##### SOURCE RECORDS #####

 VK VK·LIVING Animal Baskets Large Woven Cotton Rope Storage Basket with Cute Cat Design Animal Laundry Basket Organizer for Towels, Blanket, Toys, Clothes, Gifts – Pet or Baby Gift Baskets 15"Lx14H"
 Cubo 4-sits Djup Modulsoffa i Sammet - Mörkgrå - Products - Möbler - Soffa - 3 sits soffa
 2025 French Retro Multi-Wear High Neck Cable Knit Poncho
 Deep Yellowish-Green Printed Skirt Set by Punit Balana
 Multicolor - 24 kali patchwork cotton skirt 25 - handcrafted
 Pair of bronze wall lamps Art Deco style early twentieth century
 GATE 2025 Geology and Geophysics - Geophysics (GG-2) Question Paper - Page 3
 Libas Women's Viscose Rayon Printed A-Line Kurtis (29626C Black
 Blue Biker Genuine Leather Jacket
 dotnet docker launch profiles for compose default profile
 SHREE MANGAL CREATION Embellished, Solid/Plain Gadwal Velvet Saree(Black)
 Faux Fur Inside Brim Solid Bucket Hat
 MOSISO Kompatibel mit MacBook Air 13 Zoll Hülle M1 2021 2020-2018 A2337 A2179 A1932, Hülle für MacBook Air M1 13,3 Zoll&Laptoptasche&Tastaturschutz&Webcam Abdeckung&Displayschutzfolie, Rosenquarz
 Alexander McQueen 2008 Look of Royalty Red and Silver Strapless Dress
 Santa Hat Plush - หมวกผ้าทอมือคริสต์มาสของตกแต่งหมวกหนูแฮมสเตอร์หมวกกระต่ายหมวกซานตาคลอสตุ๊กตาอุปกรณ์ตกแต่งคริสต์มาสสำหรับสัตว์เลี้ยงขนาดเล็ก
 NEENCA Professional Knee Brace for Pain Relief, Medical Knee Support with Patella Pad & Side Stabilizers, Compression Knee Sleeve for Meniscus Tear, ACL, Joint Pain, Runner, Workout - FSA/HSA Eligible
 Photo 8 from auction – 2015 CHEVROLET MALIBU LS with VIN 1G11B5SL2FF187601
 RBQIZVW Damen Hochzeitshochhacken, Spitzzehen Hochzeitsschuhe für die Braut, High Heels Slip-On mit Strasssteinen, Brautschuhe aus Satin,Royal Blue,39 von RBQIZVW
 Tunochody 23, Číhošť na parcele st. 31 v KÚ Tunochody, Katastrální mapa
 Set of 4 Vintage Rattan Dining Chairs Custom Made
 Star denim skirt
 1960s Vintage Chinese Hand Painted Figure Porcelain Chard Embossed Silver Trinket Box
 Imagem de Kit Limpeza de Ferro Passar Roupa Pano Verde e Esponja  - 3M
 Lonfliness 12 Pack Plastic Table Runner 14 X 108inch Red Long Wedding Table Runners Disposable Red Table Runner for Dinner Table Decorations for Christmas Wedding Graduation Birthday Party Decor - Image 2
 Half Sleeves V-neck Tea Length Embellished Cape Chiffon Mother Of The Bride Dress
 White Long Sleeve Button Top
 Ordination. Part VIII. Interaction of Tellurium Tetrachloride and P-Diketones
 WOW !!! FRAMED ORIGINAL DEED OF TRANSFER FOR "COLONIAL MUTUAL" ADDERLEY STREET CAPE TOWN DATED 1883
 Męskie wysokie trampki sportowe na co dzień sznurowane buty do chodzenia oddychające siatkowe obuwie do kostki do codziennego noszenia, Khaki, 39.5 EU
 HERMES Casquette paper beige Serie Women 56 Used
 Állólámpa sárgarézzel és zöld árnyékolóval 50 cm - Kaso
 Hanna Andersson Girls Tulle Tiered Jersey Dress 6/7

#####

> [WORK REQUIRED] Only lines that include "Women" belong in the answer; copy all of them from the listing.

> [COMPLETED EXERCISE]
 Libas Women's Viscose Rayon Printed A-Line Kurtis (29626C Black
 HERMES Casquette paper beige Serie Women 56 Used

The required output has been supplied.